Personally, I’ve always been a day-dreamer. Other people tend to spend their mental free-time making lists, puzzling over problems, blanking out, thinking about work, worrying about whatever it is they worry about. Whatever your default mental wandering is, most of the ways we spend the mental free time that comes with waiting or engaging in mindless activities aren’t particularly productive. Some of them are downright destructive, in fact. It’s better to at least occasionally use that time to pray rather than worry, plan and daydream.
How you do this, exactly, is up to you. For me, simply saying, “hey God” and letting my mind wander from there is surprisingly effective. Other people will use their time to repeat a rote prayer. Or maybe bring what you usually spend your time worrying or thinking about and talk with God about it. Or you could use the centering prayer I wrote about yesterday.
This seems like a very simple idea – almost a “yeah, duh” sort of thing, but the power of this habit shouldn’t be underestimated. There’s a reason creative people frequently value seemingly unproductive activities like taking walks, staring at nature or engaging in mindless activities. The trick of these things is that it’s harder for your brain to keep up the sort of censoring and defensiveness that we’re prone to when it’s distracted by some other activity. Ideas you’d normally shut down or reject or resist without hardly realizing what’s happening have a chance to slip through. When you direct your mind towards God while it is in this mode, it allows you to bring that same power into your prayer life.
Using your mental free time to pray is also quite powerful because it brings God into the everyday humdrum of your life. And that’s where real relationships are forged. And as we know from many of our other relationships, our most profound relationship building moments with the people around us don’t usually happen on special occasions. They happen when we’re doing something – or nothing – together.
If you want to get a teen to open up, talk to them while you’re driving together. If you want to know what’s going on in a man’s life, help him with some yard work or in his workshop. Sitting and having a cup of coffee together is nice, but there is something special which often happens when conversation is happening alongside some other activity. Sometimes its the shared experience of what you’re doing. Sometimes it’s that too-distracted-to-self-censor phenomena.

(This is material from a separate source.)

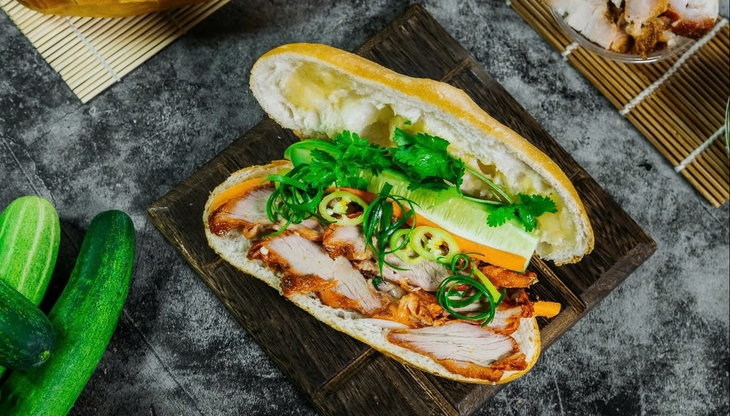 Đã có 22 người nhập viện nghi ngộ độc sau ăn bánh mì tại tiệm A.C- Ảnh 1.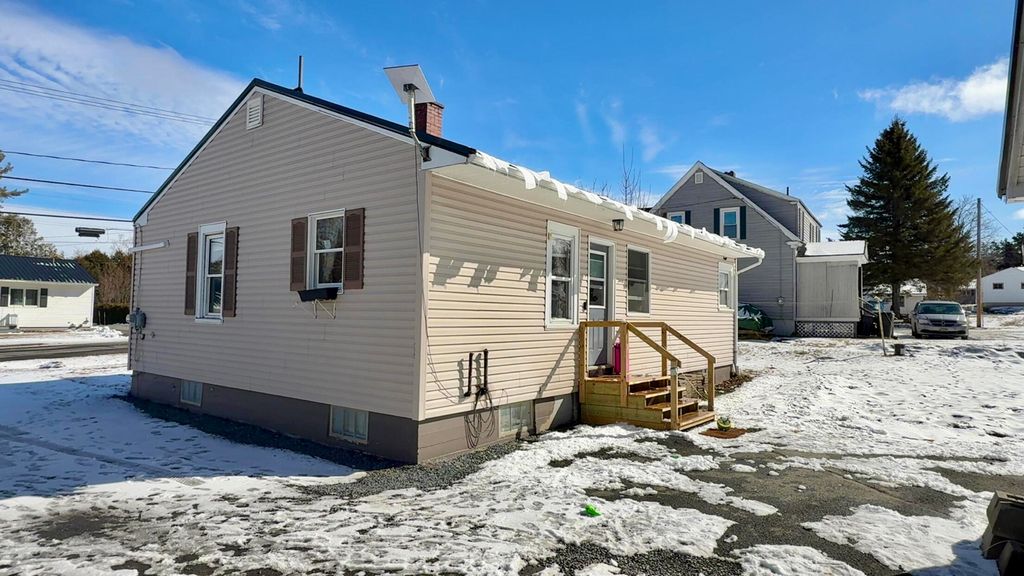 Photo of 20 Maple Street, Presque Isle, ME 04769 (MLS # 1656457)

Much like with my advice to expand your concept of prayer to include all of life, this habit grounds your relationship with God into the flow of everyday life. It makes it much less likely that your relationship with God will be a formal, forced or distant affair. Instead, it will take on more of the flavor of a relationship with a friend who knows they can drop by anytime and you won’t worry too much that your house is a mess. Or a spouse who thinks nothing of coming in to pee while you’re flossing naked. Real relationships are built through just this sort of transparent, shared everyday life. And that’s just what God wants with us as well.
Pass It On!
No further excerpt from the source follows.